DATA LISTING:
━━━━━━━━━━━━━━━━━━━━

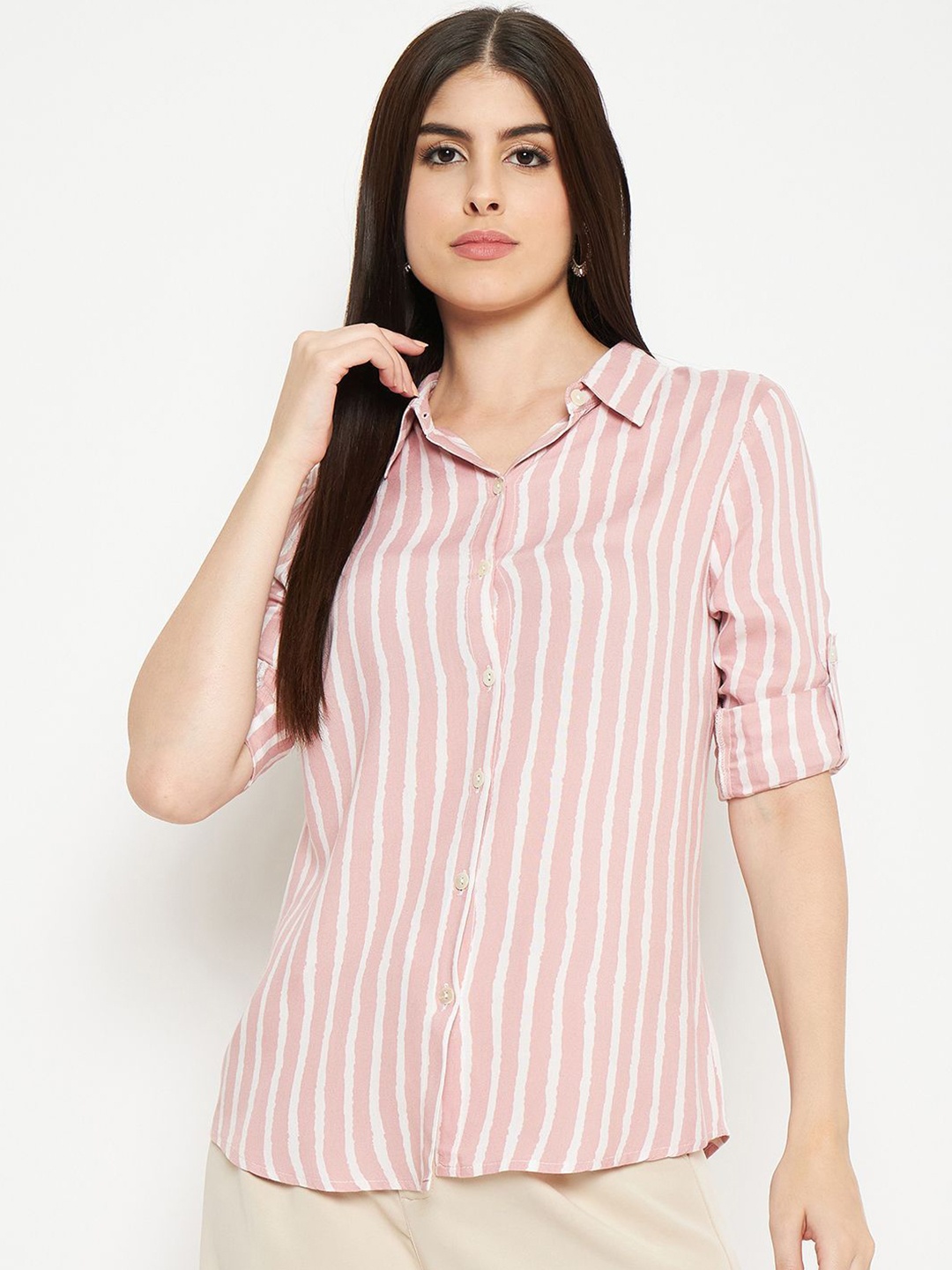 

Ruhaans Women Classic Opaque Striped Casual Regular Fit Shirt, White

━━━━━━━━━━━━━━━━━━━━

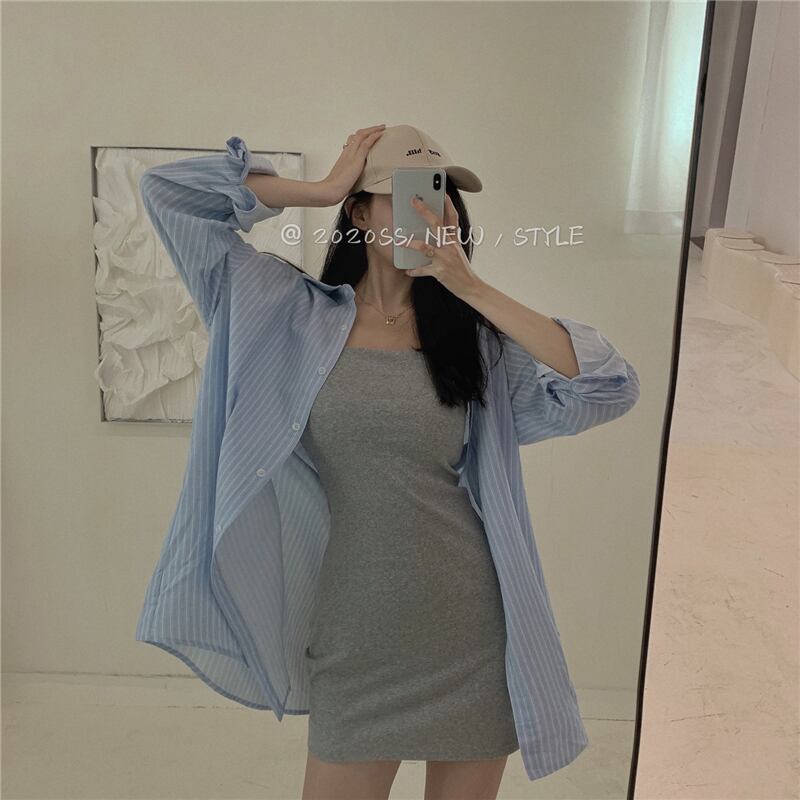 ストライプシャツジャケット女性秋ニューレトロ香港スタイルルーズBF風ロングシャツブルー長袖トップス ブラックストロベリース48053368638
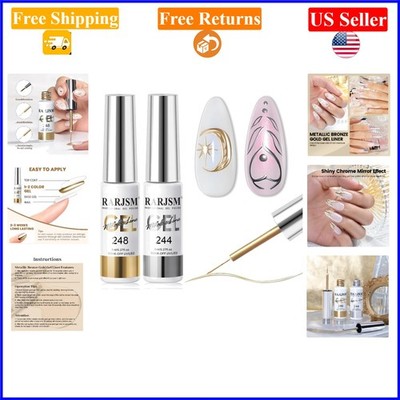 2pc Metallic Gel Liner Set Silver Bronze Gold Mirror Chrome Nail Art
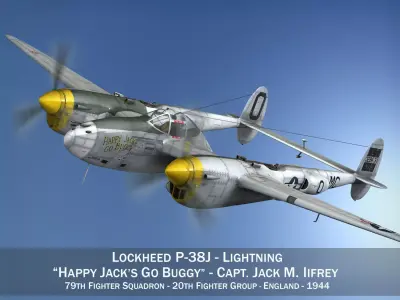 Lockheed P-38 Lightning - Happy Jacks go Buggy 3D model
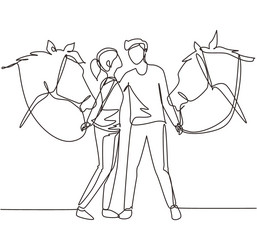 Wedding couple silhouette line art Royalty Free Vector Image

━━━━━━━━━━━━━━━━━━━━

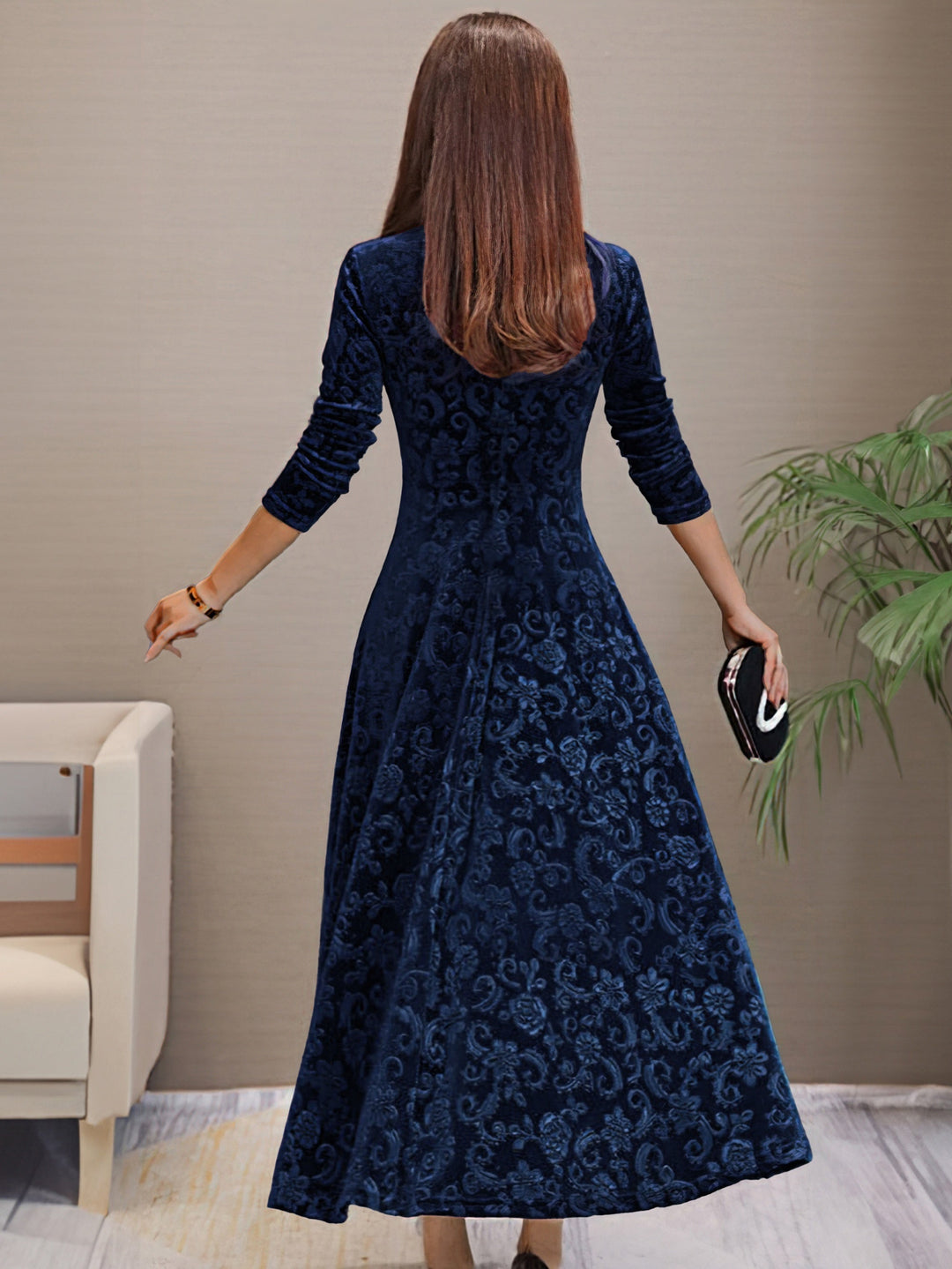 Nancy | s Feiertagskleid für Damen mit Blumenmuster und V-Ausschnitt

━━━━━━━━━━━━━━━━━━━━

Since the pictures are not part of the copy, please transcribe only the lines above from the one with "Lockheed P-38 Lightning" through the one with "Wedding couple silhouette", exactly and with both ends.

 Lockheed P-38 Lightning - Happy Jacks go Buggy 3D model
 Wedding couple silhouette line art Royalty Free Vector Image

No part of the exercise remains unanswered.